Software environments

You will want to make sure that the Coiled cluster running on the cloud has Prefect installed, along with any other libraries that you might need in order to complete the work, like Pandas or S3Fs in this case. For more information on, see documentation on constructing software environments.

Reusing clusters

It’s also common to run several flows one after the other. For example we may want to run this same flow on data for many months of data, rather than just the one file in this example.
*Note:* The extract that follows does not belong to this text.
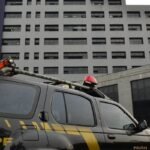 PF tem 10 dias para ouvir Flávio em caso de calúnia contra Lula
In this case spinning up a new Coiled cluster for every flow may be cumbersome (it takes about a minute to start a cluster). Instead, we recommend using the shutdown_on_close=False keyword, along with a specific name for your cluster, like "prefect-play" or "production". This tells Coiled that you want to reuse a specific cluster for many different workflows.

Coiled will automatically shutdown your cluster after twenty minutes of inactivity by default. So if you run your flow again after this period that’s ok, you will just have to wait the one minute startup time.